▶ [The task]:
The listing is to be printed word for word, pictures omitted.

▶ [Supplied material]:
::::::::::

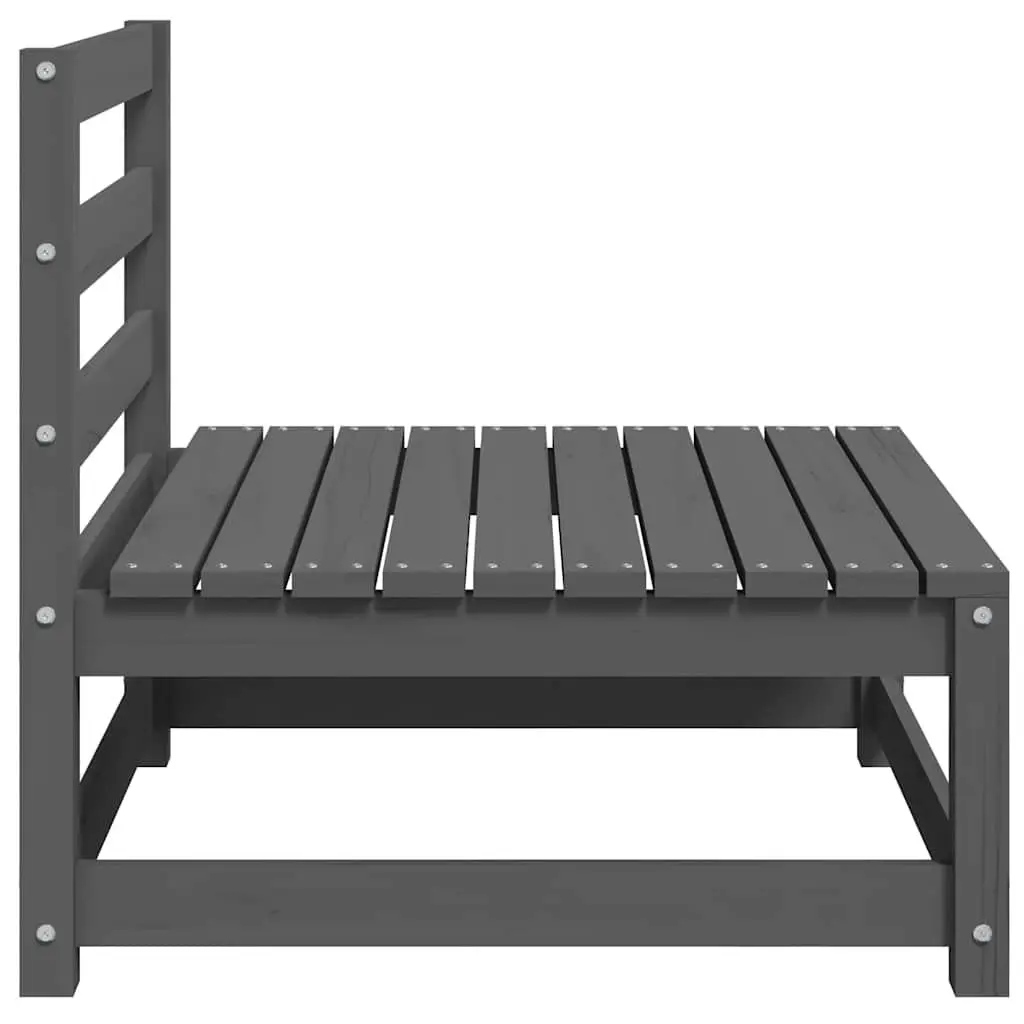 Grey Modular Outdoor Middle Sofa Unit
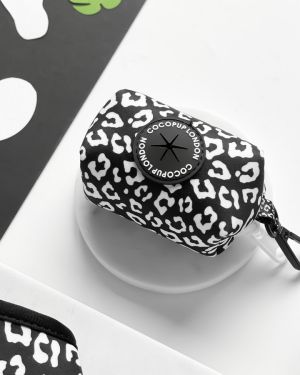 Black Leopard Poo Bag Holder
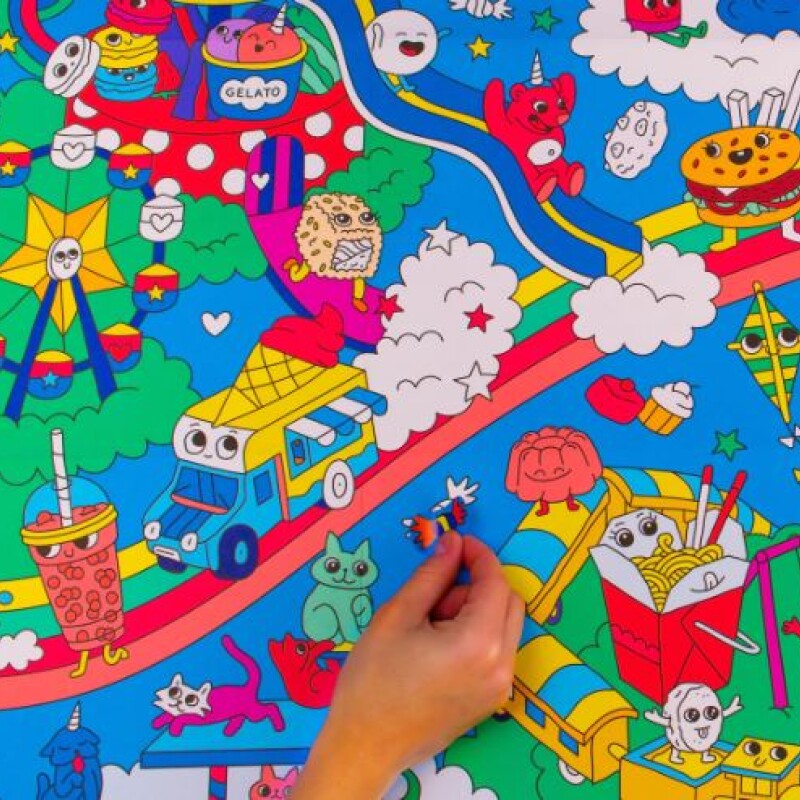 Poster para completar con stickers Kawaii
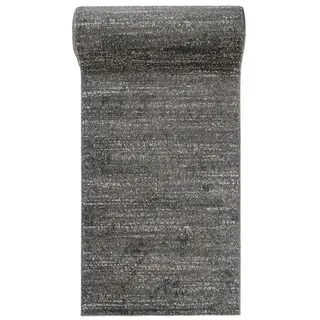 Mazovia Läufer Modern Einfarbig Schwarz Anthrazit Flur, Schlafzimmer, Diele, Fußbodenheizung schwarz 120 cm x 200 cm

::::::::::

▶ [Reply]:
 Grey Modular Outdoor Middle Sofa Unit
 Black Leopard Poo Bag Holder
 Poster para completar con stickers Kawaii
 Mazovia Läufer Modern Einfarbig Schwarz Anthrazit Flur, Schlafzimmer, Diele, Fußbodenheizung schwarz 120 cm x 200 cm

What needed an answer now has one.